Eating Out

Sisterly service

What began as a small dinner service for paying guests in Phase V, Mohali, is now a food joint that is also patronised by film units, film stars, and executives from luxury hotels.

Sisterly service

Team work: Paramjit Kaur and Sharanjit Kaur

shalender@tribune.com

Kuldip Dhiman

What began as a small dinner service for paying guests in Phase V, Mohali, is now a food joint that is also patronised by film units, film stars, and executives from luxury hotels. Aptly named Bhena Da Dhaba, this fully vegetarian outlet is run by two sisters—Paramjit Kaur and Sharanjit Kaur, who are also darani-jethani (sisters-in-law). How did it all begin? How did they manage to establish themselves in a field largely dominated by men?

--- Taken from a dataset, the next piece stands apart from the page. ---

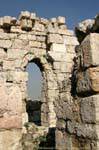 Passaggio nella parete della Cittadella Cittadella di Amman, Amman, Giordania.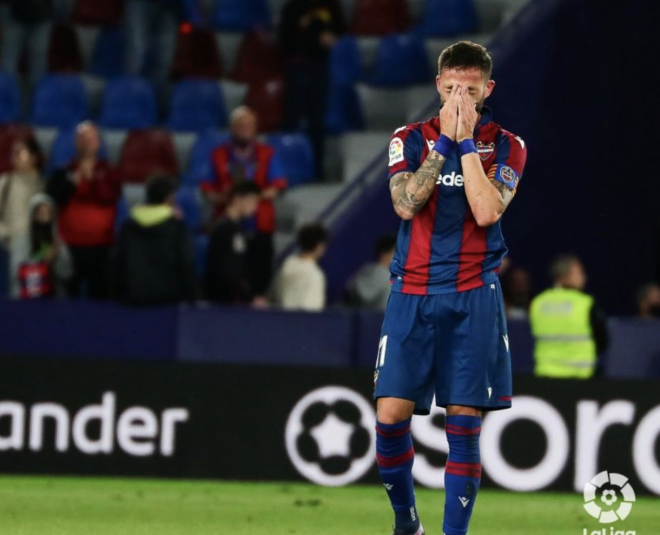Las lágrimas de Morales al finalizar el partido entre el Levante y el Sevilla en el Ciutat de València. (Foto: LaLiga)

“Ours is a joint family, and as you know, in joint families, there are so many guests all the time,” says Paramjit Kaur, the elder sister. “We used to make good food so quickly that one day my husband suggested that I open a restaurant. I liked the idea and roped in my sister. She was very enthusiastic.”

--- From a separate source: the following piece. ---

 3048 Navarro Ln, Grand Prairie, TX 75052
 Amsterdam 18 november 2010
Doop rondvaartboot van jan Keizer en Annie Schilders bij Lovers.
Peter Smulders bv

“We had very humble beginnings,” informs Sharanjit Kaur. “We started by making rajmah-chawal and kadi-chawal, mainly for PGs, but soon there was demand for more and more. At the time, our main business was green groceries. Initially, there was a couple that used our outlet to sell homemade food for PGs. After a while, they left and we stopped the service, but the PG students kept urging us to start our own service. We gave it a thought and decided to give it a go.”

Initially, the sisters started by serving only dinner. “Since we did not have a proper kitchen then, we used to make food at home and serve it here. Then customers began to demand all types of food as they found it home-like. So, we started making two vegetables. The response was so good that now we make about 18 vegetables and dals daily.” 

Bhena Da Dhaba is a small place, but they have a very distinguished clientele. Film producers and directors stay in big hotels, but they order food here. “For example, yesterday,” says Paramjit, “I got a call from a film unit that they wanted to eat kaddun ki sabji. No restaurant or dhaba makes kaddun, but we made it for them. Another unit came from Mumbai. They were looking for homemade Punjabi food. Somebody gave them our number and they called and said that they wanted to eat khichadi and mungi-masar dal. They were surprised when we happily took the order. They said that they just loved the food.”

The sisters proudly show film clips of celebrities praising their food and service. Gippy Grewal says, “Very good food from Bhena Da Dhaba of Phase V.”  B Prakk gives full marks to them saying, “Today we were served food from Bhena Da Dhaba at the shoot. And I must say it was really excellent. Just like home food.” Aakanksha Sareen recommends the Dhaba, saying, “Today I had dinner at the shoot. It was from Bhena Da Dhaba. It was really, really delicious.” Bhumika Sharma is also mighty impressed, “Their khana is the end.” Singer Ninja says, “This is what I call VIP food.”

How did they get into catering for film shoots? Replies Sharanjit, “One day, we happened to speak to a movie man, and asked if we could cater for film shoots.  He said okay, and we got a chance to serve food for the film Once Upon a Time in Amritsar. They liked it so much that after that we have not looked back. Then the word spread. We make food here at the dhaba and my husband Amarjit Singh Bunty, son Dilpreet Singh, and Sharan’s husband Harpreet Singh Sonu take care of catering and shoots.” 

As I was speaking to the sisters, two distinguished looking gentlemen arrived and ordered kadi-chawal. I learnt later that they were managers of a five-star hotel. I asked them what brought them here to this small dhaba. “We come here because they make  simple but delicious food. We come here especially for their kadi-chawal.”  What is so special about their Kadi-chawal? “We make curd at home from full cream milk. And of course, our raw material for the pakoras is also special. Both sisters say that they have not faced any serious difficulties in running a dhaba except the usual difficulty of workers not turning up at times.